Hopelessly afflicted with a life long addiction to the rifled bore!
Two things always make me smile, powder smoke wafting down the firing line and the ring of a Garand clip hitting the ground.
There is no such thing as a group measurement system which gives a perfect measuring system for all purposes. With all kinds though, a ten-shot group is far, far more statistically valid than a three-shot or five-shot one.
The usual measurement in the days of scheutzen shooting was string measurement. This consisted of the average measurement from the centre of the aiming point to the centres of the bullet holes. This takes into account the rifle still pointing where you think it ought to point, which for most people is a good thing.

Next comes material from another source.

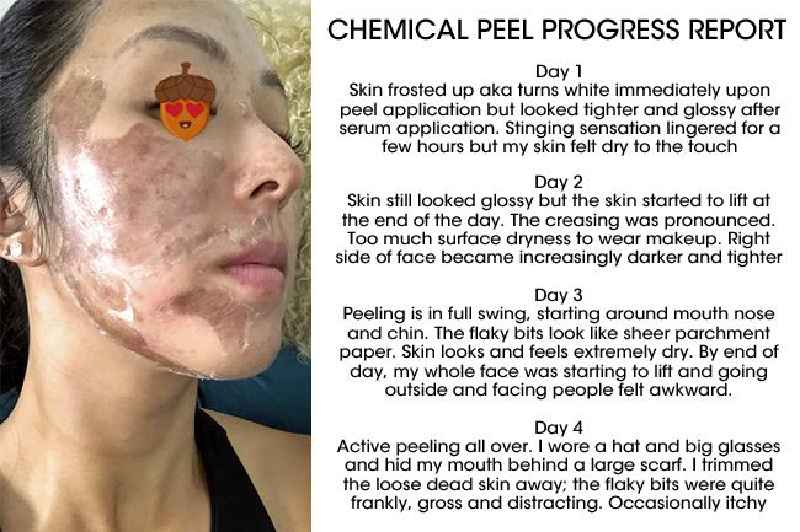 How long after chemical peel can you wear makeup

If it is desired to eliminate this, you can similarly measure the mean distance from a point chosen as the centre of the group. There are various ways of choosing this point, but one is to eliminate the highest and lowest shot, and take the line mid-way between the second lowest and second highest as the horizontal axis. Then for the vertical axis which crosses it, do the same with furthest left and furthest right.
Both of these place a premium on consistency by reducing the importance of the occasional flier. The legitimacy of this depends on what you need. If you are hunting deer, you may think the occasional flier by six inches or so at long range, which could mean a lost cripple or the head of a lifetime untouched, is terrible, and a reliable group of two or three inches doesn't matter in the least. If it is prairie dogs at long range, the occasional one going about his business unscathed may be fine if the group is mostly tight.
For rimfire target shooting I used to use a gauge, which is a bullet diameter plug inserted with a long, flexible spring so that wishful thinking wouldn't push it sideways in the ragged hole a .22 makes. It had a lens to magnify the point where could contact the black line on the target. No doubt they can be had with a central point as well.
In the past I have always measured from outside of the two most distant bullet holes. Then I was told I was doing it all wrong? That is the reason I asked the original question.
I use my digital calipers, open them to the bullet diameter, zero it, and then measure the outside of the most distant bullet holes.
No math needed.
I shoot so that I can handload.
This may sound funny until you think about it. To check your method measure a one shot group. The result needs to be .000"
If you method gives you something other than .000" you are introducing inaccuracies in what you are doing.
On a 38 caliber wadcutter if you measure to the outside without subtracting the bullet diameter you added .358" to your .000" group.
On the other hand if using a bullet profile that doesn't cut a clean hole and you measure to the outside and subtract .358" you would have a minus sized group since the hole normally somewhat smaller than the bullet diameter.
Last edited by M-Tecs; 03-28-2017 at 02:57 PM.
Don't use any type of measuring tool.
those suckers will cause group expansion as soon as they touch the paper. I can't count the number 1.5" inch groups I have had jump to 3.5" as soon as a measuring tool hit the paper.
Paper targets aren't your friends. They won't lie for you and they don't care if your feelings get hurt.